Task objective >>
Write out the data below exactly, beginning with the first line and ending once the line that has "Бачок расширительный Fiat" is written.

[Data entries]
== Segment start ==
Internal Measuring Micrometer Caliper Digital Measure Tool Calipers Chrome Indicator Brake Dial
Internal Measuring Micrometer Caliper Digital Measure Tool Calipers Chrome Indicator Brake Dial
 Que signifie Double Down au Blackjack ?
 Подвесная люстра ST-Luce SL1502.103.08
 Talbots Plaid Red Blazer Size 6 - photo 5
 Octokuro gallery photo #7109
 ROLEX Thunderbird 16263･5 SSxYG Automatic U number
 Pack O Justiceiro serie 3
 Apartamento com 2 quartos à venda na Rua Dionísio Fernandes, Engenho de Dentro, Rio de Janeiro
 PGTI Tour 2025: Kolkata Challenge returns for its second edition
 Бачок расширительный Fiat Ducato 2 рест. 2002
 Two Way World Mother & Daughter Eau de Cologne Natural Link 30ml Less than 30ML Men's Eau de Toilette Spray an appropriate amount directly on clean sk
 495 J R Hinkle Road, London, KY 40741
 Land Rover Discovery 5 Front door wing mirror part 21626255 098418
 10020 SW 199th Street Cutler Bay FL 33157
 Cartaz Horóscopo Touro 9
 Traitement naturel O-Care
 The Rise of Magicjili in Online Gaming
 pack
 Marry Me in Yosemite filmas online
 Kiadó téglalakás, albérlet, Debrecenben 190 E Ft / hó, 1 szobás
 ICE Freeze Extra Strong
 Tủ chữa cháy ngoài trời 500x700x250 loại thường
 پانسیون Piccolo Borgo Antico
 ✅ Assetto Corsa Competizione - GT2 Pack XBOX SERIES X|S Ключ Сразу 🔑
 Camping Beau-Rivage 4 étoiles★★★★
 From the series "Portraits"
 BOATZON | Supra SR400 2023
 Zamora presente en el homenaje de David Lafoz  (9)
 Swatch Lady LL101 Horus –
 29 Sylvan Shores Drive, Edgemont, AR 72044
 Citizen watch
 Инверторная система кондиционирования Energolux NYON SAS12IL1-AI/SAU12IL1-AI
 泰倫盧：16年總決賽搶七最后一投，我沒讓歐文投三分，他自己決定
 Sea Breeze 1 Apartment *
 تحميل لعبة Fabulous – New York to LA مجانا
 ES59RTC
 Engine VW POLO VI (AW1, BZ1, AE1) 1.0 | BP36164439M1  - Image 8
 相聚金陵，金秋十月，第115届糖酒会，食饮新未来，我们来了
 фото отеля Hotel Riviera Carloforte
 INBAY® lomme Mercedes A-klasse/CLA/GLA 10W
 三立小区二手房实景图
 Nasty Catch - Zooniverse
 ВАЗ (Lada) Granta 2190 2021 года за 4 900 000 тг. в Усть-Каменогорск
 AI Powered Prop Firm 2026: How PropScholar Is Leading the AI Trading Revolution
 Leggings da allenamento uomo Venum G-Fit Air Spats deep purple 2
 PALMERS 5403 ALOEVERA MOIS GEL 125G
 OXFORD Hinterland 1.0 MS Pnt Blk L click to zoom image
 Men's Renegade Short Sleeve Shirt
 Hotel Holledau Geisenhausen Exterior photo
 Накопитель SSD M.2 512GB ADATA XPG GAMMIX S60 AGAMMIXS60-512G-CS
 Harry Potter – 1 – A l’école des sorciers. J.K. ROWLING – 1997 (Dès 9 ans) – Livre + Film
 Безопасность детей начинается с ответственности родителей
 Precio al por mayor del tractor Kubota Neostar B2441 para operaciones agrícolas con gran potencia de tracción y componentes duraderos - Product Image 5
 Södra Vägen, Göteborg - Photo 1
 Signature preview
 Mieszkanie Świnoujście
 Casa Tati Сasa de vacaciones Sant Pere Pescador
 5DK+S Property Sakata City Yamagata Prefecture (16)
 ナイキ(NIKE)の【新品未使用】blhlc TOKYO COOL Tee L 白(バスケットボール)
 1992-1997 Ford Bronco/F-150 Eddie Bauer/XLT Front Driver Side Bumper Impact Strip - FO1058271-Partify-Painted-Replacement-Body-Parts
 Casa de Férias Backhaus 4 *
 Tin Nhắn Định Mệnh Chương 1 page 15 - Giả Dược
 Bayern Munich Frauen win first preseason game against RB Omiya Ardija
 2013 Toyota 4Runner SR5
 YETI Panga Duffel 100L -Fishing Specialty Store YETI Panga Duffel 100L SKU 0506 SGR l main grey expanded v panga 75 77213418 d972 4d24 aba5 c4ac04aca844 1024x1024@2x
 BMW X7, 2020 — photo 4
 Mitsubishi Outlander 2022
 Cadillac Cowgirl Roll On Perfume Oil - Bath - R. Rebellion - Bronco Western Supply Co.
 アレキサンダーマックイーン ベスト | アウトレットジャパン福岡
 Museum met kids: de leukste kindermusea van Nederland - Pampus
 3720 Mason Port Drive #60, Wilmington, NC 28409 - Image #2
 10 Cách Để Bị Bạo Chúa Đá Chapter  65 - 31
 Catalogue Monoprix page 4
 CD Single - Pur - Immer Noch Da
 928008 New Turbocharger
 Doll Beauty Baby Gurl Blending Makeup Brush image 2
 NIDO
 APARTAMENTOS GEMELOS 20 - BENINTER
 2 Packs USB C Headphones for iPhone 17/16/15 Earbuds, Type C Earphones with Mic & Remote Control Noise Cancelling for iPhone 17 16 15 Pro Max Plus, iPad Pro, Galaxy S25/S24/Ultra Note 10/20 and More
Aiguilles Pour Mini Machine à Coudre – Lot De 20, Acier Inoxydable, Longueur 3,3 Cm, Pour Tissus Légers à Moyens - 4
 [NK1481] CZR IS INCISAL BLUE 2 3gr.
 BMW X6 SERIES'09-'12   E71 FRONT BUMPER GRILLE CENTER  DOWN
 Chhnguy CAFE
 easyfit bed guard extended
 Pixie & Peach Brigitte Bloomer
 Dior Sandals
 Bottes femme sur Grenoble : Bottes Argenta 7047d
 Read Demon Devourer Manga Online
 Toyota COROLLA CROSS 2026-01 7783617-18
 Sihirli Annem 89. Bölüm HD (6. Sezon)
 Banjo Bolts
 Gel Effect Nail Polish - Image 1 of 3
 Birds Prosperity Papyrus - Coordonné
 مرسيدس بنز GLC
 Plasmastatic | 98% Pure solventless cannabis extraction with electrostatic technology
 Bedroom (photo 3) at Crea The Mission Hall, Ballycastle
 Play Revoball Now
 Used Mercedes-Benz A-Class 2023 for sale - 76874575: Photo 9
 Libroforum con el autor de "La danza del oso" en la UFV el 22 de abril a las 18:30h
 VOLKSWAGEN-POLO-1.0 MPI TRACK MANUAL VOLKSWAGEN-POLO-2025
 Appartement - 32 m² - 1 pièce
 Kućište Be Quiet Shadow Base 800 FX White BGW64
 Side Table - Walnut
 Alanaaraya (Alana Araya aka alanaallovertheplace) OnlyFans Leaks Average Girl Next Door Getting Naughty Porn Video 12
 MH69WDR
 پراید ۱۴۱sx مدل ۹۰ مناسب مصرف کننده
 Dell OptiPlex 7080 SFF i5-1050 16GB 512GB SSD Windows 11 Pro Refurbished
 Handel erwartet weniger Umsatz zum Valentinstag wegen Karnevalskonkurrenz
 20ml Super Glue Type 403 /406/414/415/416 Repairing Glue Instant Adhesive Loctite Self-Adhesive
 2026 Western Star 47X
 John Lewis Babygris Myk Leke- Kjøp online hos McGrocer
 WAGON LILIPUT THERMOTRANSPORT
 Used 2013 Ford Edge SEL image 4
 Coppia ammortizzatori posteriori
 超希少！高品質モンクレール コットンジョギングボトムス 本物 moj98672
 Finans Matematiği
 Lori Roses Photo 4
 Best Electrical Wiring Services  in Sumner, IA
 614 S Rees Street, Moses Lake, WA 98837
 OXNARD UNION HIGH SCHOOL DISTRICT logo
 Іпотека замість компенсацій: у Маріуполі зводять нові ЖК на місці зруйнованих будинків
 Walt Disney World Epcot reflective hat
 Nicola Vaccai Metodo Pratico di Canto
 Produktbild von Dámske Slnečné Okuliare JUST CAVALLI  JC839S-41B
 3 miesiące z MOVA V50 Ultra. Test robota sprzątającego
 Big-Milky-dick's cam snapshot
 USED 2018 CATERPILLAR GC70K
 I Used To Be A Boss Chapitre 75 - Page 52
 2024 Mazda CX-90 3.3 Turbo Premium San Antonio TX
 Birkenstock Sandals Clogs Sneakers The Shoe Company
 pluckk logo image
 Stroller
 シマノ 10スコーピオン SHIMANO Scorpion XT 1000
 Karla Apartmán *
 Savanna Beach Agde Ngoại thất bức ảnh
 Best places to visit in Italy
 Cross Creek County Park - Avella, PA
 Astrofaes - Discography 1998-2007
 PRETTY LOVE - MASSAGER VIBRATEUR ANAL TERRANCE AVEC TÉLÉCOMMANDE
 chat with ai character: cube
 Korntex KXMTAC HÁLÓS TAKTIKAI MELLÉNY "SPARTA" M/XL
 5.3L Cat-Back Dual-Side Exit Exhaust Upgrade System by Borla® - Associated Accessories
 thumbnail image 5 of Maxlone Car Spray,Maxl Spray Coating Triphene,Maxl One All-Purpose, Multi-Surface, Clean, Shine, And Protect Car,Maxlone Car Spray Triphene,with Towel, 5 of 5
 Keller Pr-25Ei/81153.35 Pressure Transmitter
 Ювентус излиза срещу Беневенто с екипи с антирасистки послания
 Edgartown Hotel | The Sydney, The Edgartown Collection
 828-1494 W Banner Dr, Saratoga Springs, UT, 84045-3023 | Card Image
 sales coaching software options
== Segment end ==
Written reply >>
Internal Measuring Micrometer Caliper Digital Measure Tool Calipers Chrome Indicator Brake Dial
Internal Measuring Micrometer Caliper Digital Measure Tool Calipers Chrome Indicator Brake Dial
 Que signifie Double Down au Blackjack ?
 Подвесная люстра ST-Luce SL1502.103.08
 Talbots Plaid Red Blazer Size 6 - photo 5
 Octokuro gallery photo #7109
 ROLEX Thunderbird 16263･5 SSxYG Automatic U number
 Pack O Justiceiro serie 3
 Apartamento com 2 quartos à venda na Rua Dionísio Fernandes, Engenho de Dentro, Rio de Janeiro
 PGTI Tour 2025: Kolkata Challenge returns for its second edition
 Бачок расширительный Fiat Ducato 2 рест. 2002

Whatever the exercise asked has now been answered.